▸ TASK MATERIAL
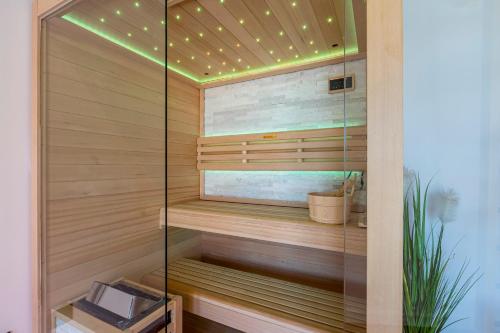 a sauna with wood paneling and a ceiling with lights at Villa SEVEN HEARTS with heated pool and private basketball playground near Split in Kaštela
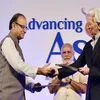 Prime Minister Narendra Modi claps as Union Finance Minister Arun Jaitley and IMF MD Christine Lagarde exchange MoU documents at the MOF-IMF Conference on "Advancing Asia: Investing for the Future", in New Delhi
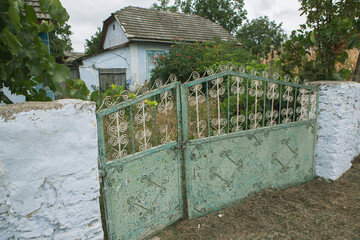 Old abandoned house in the village
Old iron gate in the yard of a country house. Green metal gate.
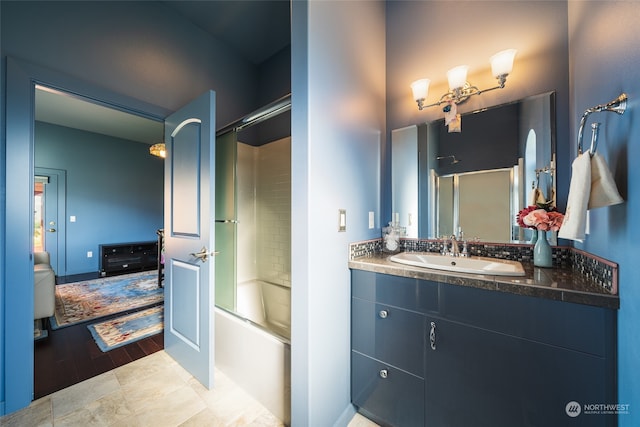 bathroom featuring tile floors, bath / shower combo with glass door, and vanity with extensive cabinet space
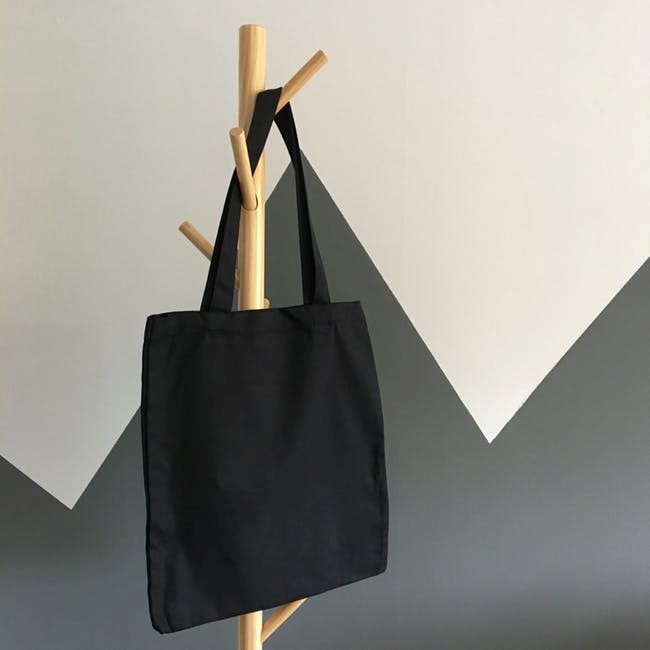 A black reusable bag hanging on a coat hanger. 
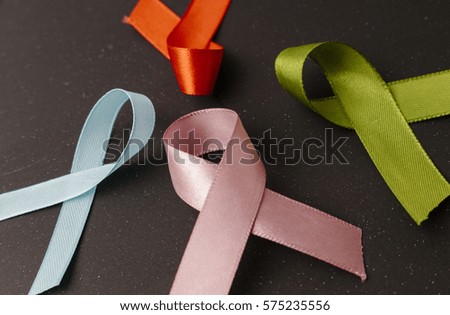 cancer awareness ribbon on black background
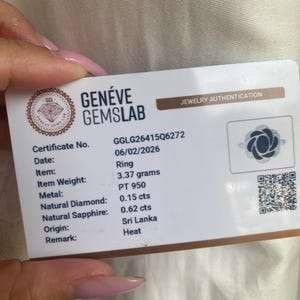 May include: A white Gen&eacute;ve Gemslab jewelry authentication card for a ring. The card lists certificate number GGLG26415Q6272, date 06/02/2026, weight 3.37 grams, PT 950 metal, 0.15 cts natural diamond, 0.62 cts natural sapphire, origin Sri Lanka, and heat.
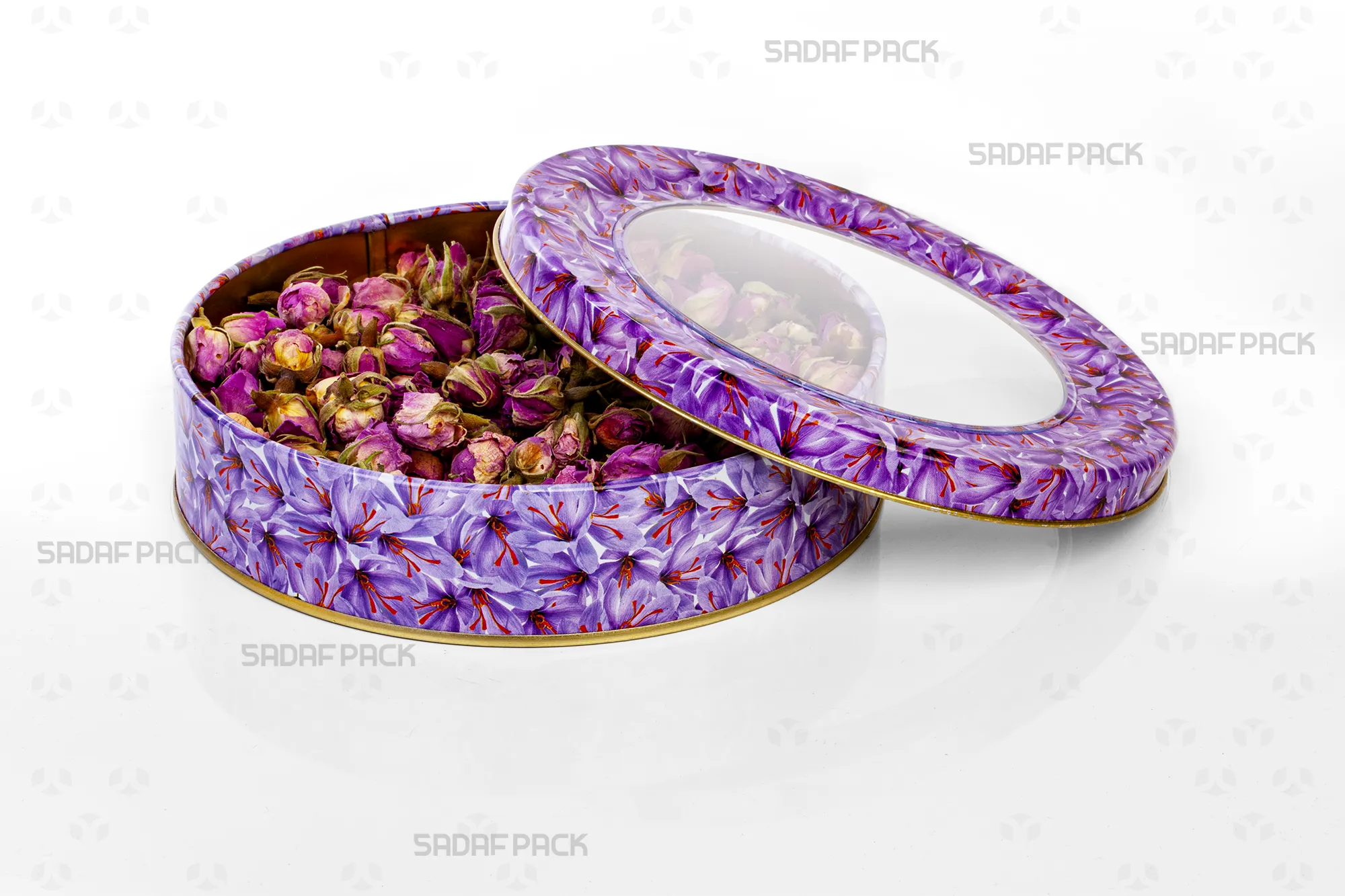 Top-down view of the Sadaf Pack 17cm x 3cm round metal tin, showing the open lid and base with the Saffron Flower design, filled with dried rosebuds to display capacity.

▸ EXERCISE
Would you output only the span of the records above that opens with the line containing "cancer awareness ribbon on black background" and closes with the line containing "May include: A", ends included and pictures dropped?

▸ TASK OUTPUT
 cancer awareness ribbon on black background
 May include: A white Gen&eacute;ve Gemslab jewelry authentication card for a ring. The card lists certificate number GGLG26415Q6272, date 06/02/2026, weight 3.37 grams, PT 950 metal, 0.15 cts natural diamond, 0.62 cts natural sapphire, origin Sri Lanka, and heat.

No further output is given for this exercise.